++++ Given data ++++
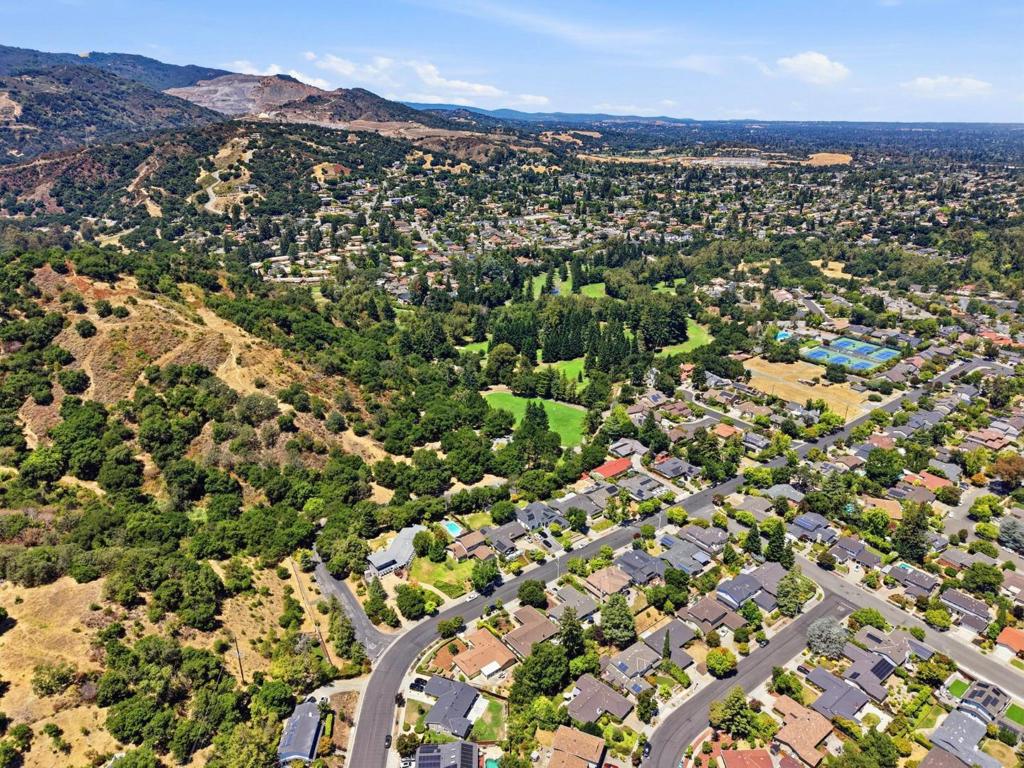 11106 Linda Vista Dr Property Photo 22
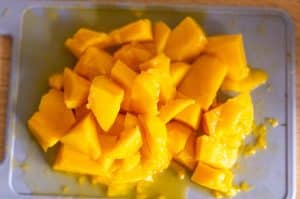 Mango in Stücke schneiden
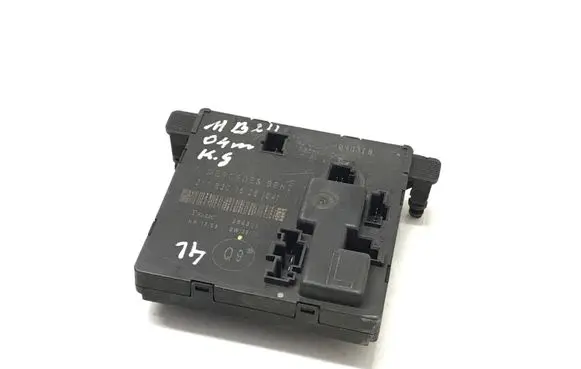 Mercedes-Benz E W211 Door control unit/module 2118201526 211820152604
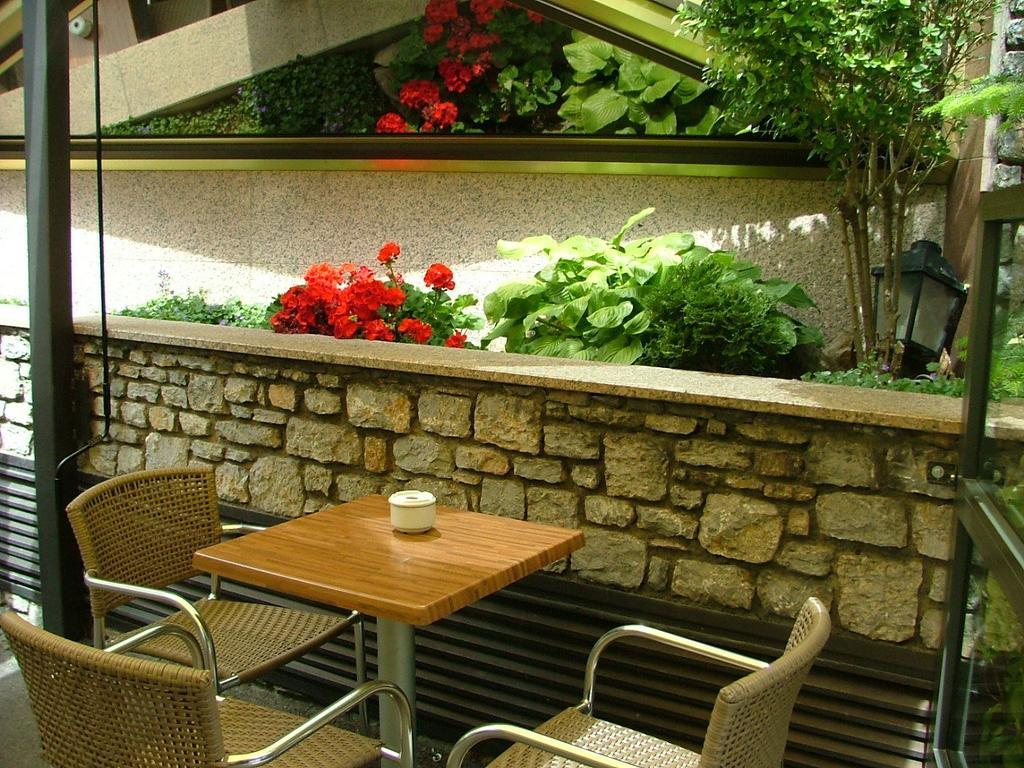Aparthotel El Serch Andorra la Vella Bagian luar foto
++++
=== Instructions for the task ===
Apart from the pictures, repeat the data above exactly.

=== Task result ===
 11106 Linda Vista Dr Property Photo 22
 Mango in Stücke schneiden
 Mercedes-Benz E W211 Door control unit/module 2118201526 211820152604
Aparthotel El Serch Andorra la Vella Bagian luar foto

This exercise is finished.